Taking your best salesperson off the floor to run your buy center is a bold move, but it works
Most dealers would never pull a 25-unit-a-month salesperson off the floor. But Hatch did exactly that, and it became the foundation of his entire acquisition operation.
"I turned my best salesman into our buyer for our buying center. What am I doing differently? Um, I'm hitting up everybody faster than anybody in my neck of the woods."
The reasoning: He could see the ceiling of where that salesperson was headed in a traditional floor role, and couldn't see a version where matching him to his passion didn't produce a better outcome for the business.

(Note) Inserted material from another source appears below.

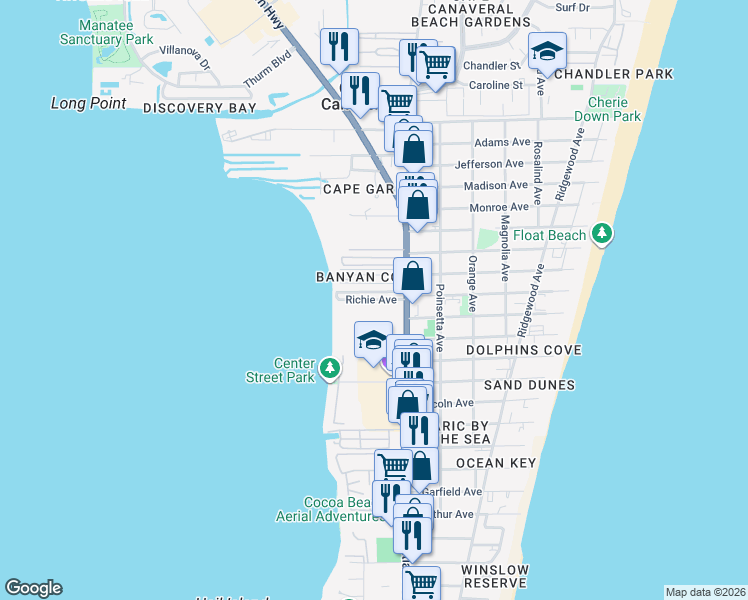 map of restaurants, bars, coffee shops, grocery stores, and more near 211 Richie Avenue in Cape Canaveral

The buy center only works if you put the right person in it and get out of the way
Process matters, but process without the right operator behind it stalls. Hatch's formula is simple: find the person who's already showing you what they're capable of, then invest in them and remove the obstacles.
"Find somebody that is as passionate about wanting to see your dealership succeed from the buying and selling. Someone who wears your shirt when they're not at work, the ball cap when they're not there, their friends and family coming by the people that are most proud that you want to represent your dealership, your brand, right? You get them, you hold on tight and you say, 'Hey, let's go for a journey.'"
For example, his buyer started by posting cars on Facebook and asking to boost them a few dollars. Hatch recognized the initiative and built the entire center around it.

You only make money in this business when you buy the car, not when you sell it
The reframe that runs through everything Hatch does is about when value is actually created. Selling is just the output. The margin is made at acquisition.
"You only make money when you sell cars? No, I make money when I buy cars. That's when I make money."
That mindset is what pushes him to keep pressure on the buying center constantly, and why he recommends every GM go out and try to buy cars themselves before they delegate it to someone else.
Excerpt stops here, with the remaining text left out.